Maui Judge Peter Cahill’s ruling will provide a rare glimpse into insurance business.
Insurance companies have a month to make public lists of every insurance claim related to the wildfire that killed 102 people on Maui and destroyed much of Lahaina, including the amount of each claim, the amount actually paid out and the rationale for the payment.
Maui Circuit Court Judge Peter Cahill acknowledged the task is a “heavy lift.” But Cahill said he needs the information filed in court by Dec. 2 “to evaluate the best means and method to manage each case, individual claims, and trials.”
Cahill’s order promises to provide an extraordinary, perhaps unprecedented, cache of data normally hidden from the public, including details of contracts between more than 140 insurance companies and thousands of policyholders – and how those contracts are playing out in the context of a mass disaster.

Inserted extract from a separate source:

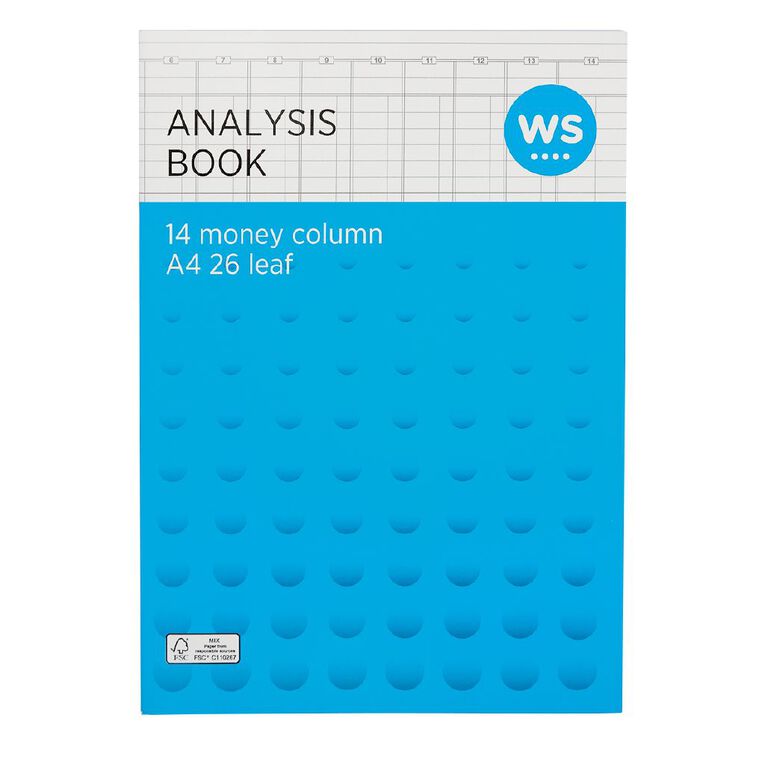 WS Analysis Book Limp 14 Column Green Mid A4, , hi-res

But the insurance industry is pushing back. On Wednesday, industry lawyers asked for a conference with the judge to discuss numerous issues, including the legal basis of Cahill’s order. The industry also wants to discuss the need for a protective order to prevent confidential information from being made public.
Cahill’s order underscores the enormity of the litigation potentially facing Hawaii courts.
If a proposed, $4 billion settlement of the wildfire litigation can’t be finalized, Cahill could face the wildly complicated task of managing hundreds of trials related to the fires.
Potential plaintiffs include victims who lost loved ones, homes and businesses. Defendants include Hawaiian Electric Industries, which has been found to have started the fire, and Kamehameha Schools, which has been accused of allowing the fire to spread by not cutting back fire-prone grass on its property.
Fire Relief: Maui settlement cases inch toward victim payout
The companies have paid out more than 10,033 wildfire claims totaling more than $2.34 billion to fire victims, according to the latest available data from the Hawaii insurance division. The insurers want to sue those responsible for starting the fire and enabling it to spread to recoup the money paid out to the victims – a standard procedure called subrogation.
Cahill’s order would let the judge begin to get his arms around the sprawling universe of potential subrogation suits.
Cahill’s order comes as the Hawaii Supreme Court prepares to answer a bigger, more basic, question: whether the insurers have the right to file subrogation suits at all, given the proposed settlement between fire victims and the parties responsible for the fire’s ignition or spread.
The insurers are the lone holdouts to the proposed settlement. As a result, according to the proposed settlement, the settling parties need a court order foreclosing the insurers’ subrogation rights in order for the settlement to be made final. The practical reason for the provision is that no defendant wants to pay out a big settlement only to be sued later by the insurers.
Whether the insurers have subrogation rights in this case is murky enough that Cahill punted the issue to the Supreme Court to sort out.
On Monday lawyers for both sides filed opening briefs exploring the intricacies of Hawaii laws governing subrogation and the extent to which victims have the right to be made whole before insurers can step in to get paid.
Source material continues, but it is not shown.